うーん・・・柚花ちゃんって意外と凶暴なんですよね
柚花とお兄さんが木から落ちたせいで静かな闇夜にドーンという大きな音が響き渡る。
背中から地面に落ちた柚花は「痛て・・・」と笑いながら言っていた。普通は背中から落ちたら大怪我である。
しかも高さも考えたら死ぬ可能性もあるのだが柚花は忍者特有の頑丈さのお陰で傷一つなしである。
そんなことより一般人のお兄さんの事が心配である。
「お、お兄さん?どこ?大丈夫?」
お兄さんが心配で柚花は急いで立ち上がろうとすると・・・お兄さんは柚花の隣でブッ倒れていた。
柚花の貧相な胸を思いっきり握って・・・。
「ご、ごめん柚花ちゃん・・・」
瀕死の重傷を負ったお兄さんだが柚花の胸を触ったことによる謝罪は出来るみたいである。
「コラ!お兄さん!このたわけぇっー!」
しかし胸を触られた事による嫌悪感のあまりに柚花はお兄さんに馬乗りで容赦なくビンタする。

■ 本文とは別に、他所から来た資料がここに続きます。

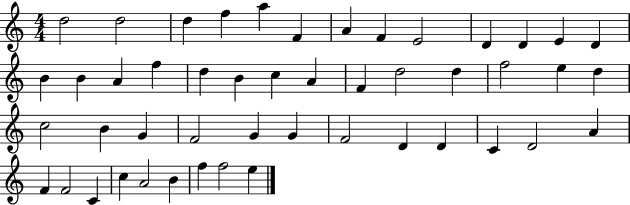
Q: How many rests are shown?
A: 0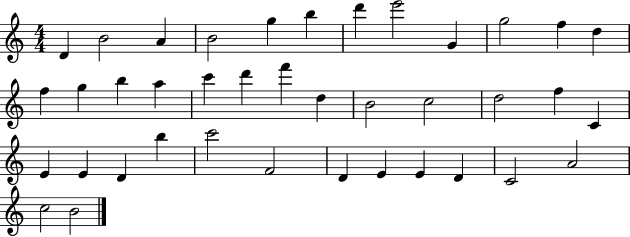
D4/q B4/h A4/q B4/h G5/q B5/q D6/q E6/h G4/q G5/h F5/q D5/q F5/q G5/q B5/q A5/q C6/q D6/q F6/q D5/q B4/h C5/h D5/h F5/q C4/q E4/q E4/q D4/q B5/q C6/h F4/h D4/q E4/q E4/q D4/q C4/h A4/h C5/h B4/h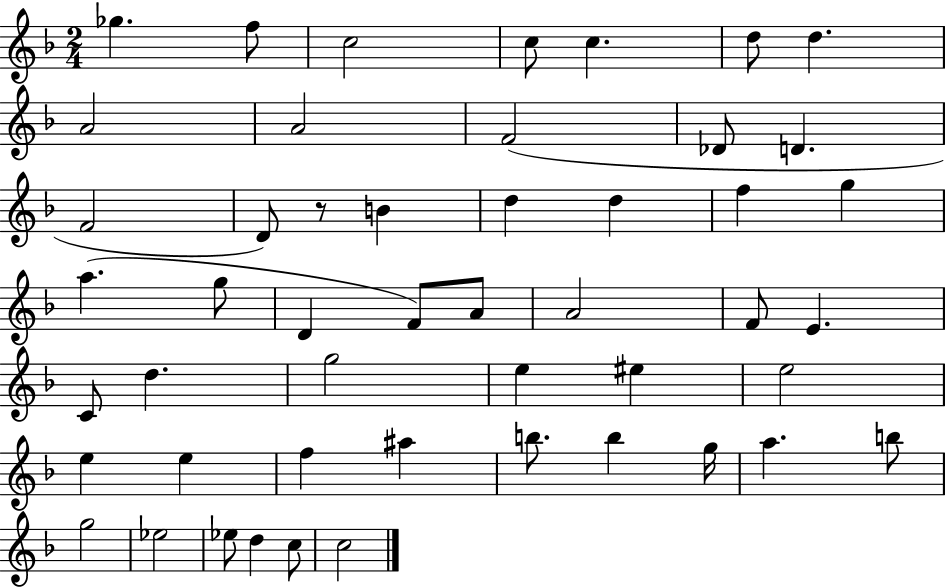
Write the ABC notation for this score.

X:1
T:Untitled
M:2/4
L:1/4
K:F
_g f/2 c2 c/2 c d/2 d A2 A2 F2 _D/2 D F2 D/2 z/2 B d d f g a g/2 D F/2 A/2 A2 F/2 E C/2 d g2 e ^e e2 e e f ^a b/2 b g/4 a b/2 g2 _e2 _e/2 d c/2 c2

「いくら木から落っこちた非常事態でも女の子のお胸を触るのはイカンでしょーがっー!この馬鹿モンが!馬鹿モンが!馬鹿モンが!」
瀕死の重傷にも関わらず容赦なくビンタする柚花にお兄さんは痛すぎて謝ることも出来ないご様子。
ビンタされるお兄さんがあまりにも哀れに感じたメッセンジャーは慌てて柚花の目の前にまで行く。

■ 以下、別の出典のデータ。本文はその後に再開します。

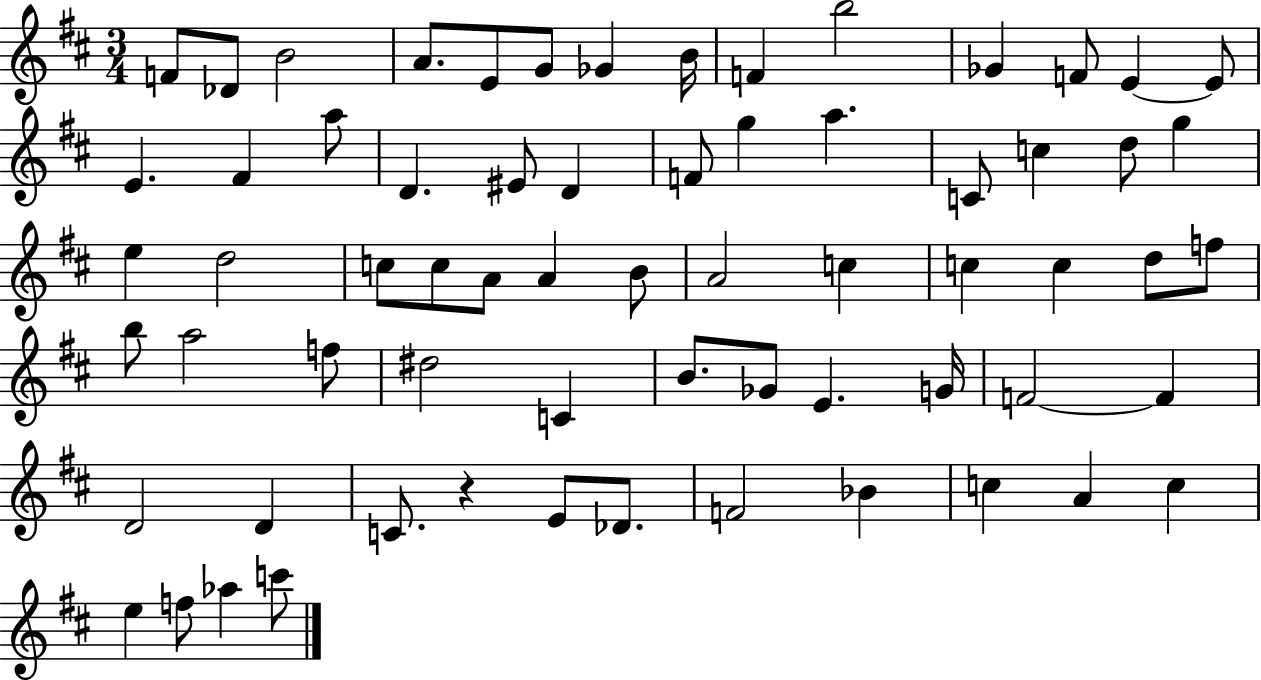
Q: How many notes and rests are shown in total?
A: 66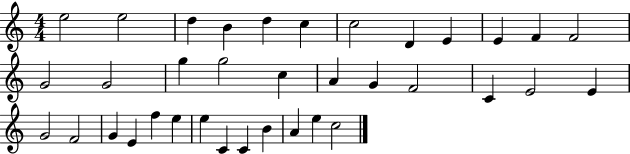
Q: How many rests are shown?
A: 0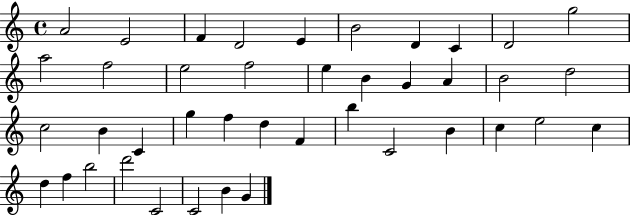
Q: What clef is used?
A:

「柚花やめろ!これ以上ビンタしたらこの馬鹿が取り返しの付かない大馬鹿者になるだろ?」
しかし柚花はだからどうした?と言わんばかりにお兄さんをビンタする。
「あのね!女の子のお胸をうっかり触る・・・というか握るのはダメでしょ!だからビンタで分からせているの。これを分からなきゃお兄さんに生涯彼女なんて出来ないからね。これは愛のムチみたいなものなの。」
柚花は真顔で言うが、結局は自分のコンプレックスである貧乳を触られたからブチ切れているだけである。
こうなったら柚花はなかなか止まらない・・・。
「この馬鹿はいつでも殴れるだろ?そんなの後にしとけよ。今はもっと大事な事があるだろ?大事な『任務』が!」
メッセンジャーが発した『任務』という言葉に柚花はピクッと身体が反応した。
忍者である柚花は任務が第一と育てられた為、どうしても任務という単語が出ると『自分、何やってんだろ?』という気持ちになるらしい。
「・・・メッセの言うとおりだね。あたし何やっていたんだろ?」
柚花は立ち上がると気絶したお兄さんを担いで歩き出す。
そんな柚花の様子を見ていたメッセンジャーは「怒りが収まって良かった・・・。」と安堵の顔をしていた。